Well, I wouldn't say "ignorance" really -- smart (legal) people have been thinking about code and copyright for a few decades now. The problem is that they disagree and have trouble getting things sorted out where the rubber hits the road. It is tough making the ongoing business of business, legislation, and litigation mesh with an ideal enlightened theory of how all this should work.

KC Munchkin is an early example of a "look and feel" type infringment analysis that approaches video games (and interactive software generally) as a subspecies of other audiovisual works -- the code is seen to embody a certain audiovisual work, and that work is treated (more or less, in theory) like a movie is treated. In the 7th circuit at least, it is still being cited as a good way to look at infringement in video games. Games as a subspecies of films -- score one for the anti-ludology camp. ;-)

At the same time, computer programs are also subject to protection at the level of source and object code. That wasn't an issue in KCM (I don't think there was any evidence that actual code was copied).
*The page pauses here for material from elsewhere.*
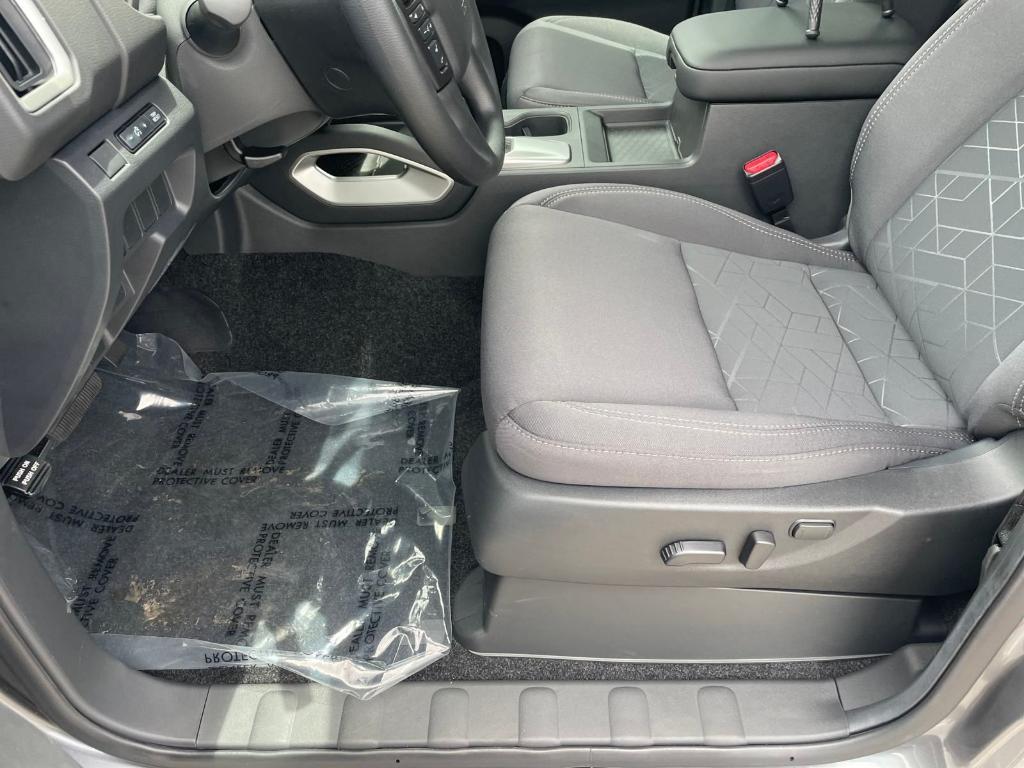new 2025 Nissan Frontier car, priced at $36,903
The judicial acceptance of copyright in object code wasn't even clear at that time, anyway. The arrival of object code proection is usually associated with Apple v. Franklin -- a 1983 opinion that awarded copyright to Apple's DOS, and effectively gave birth to the empire of Microsoft. (Ironic there, because most people think the absence of Franklin-type Apple clones was what kept Apple in a market niche!) Of course, water has passed under the bridge since then, and you can find plenty of cases and law reviews explaining the law on software and copyright, which, of course, is still in a state of flux, struggling to adapt to a moving target.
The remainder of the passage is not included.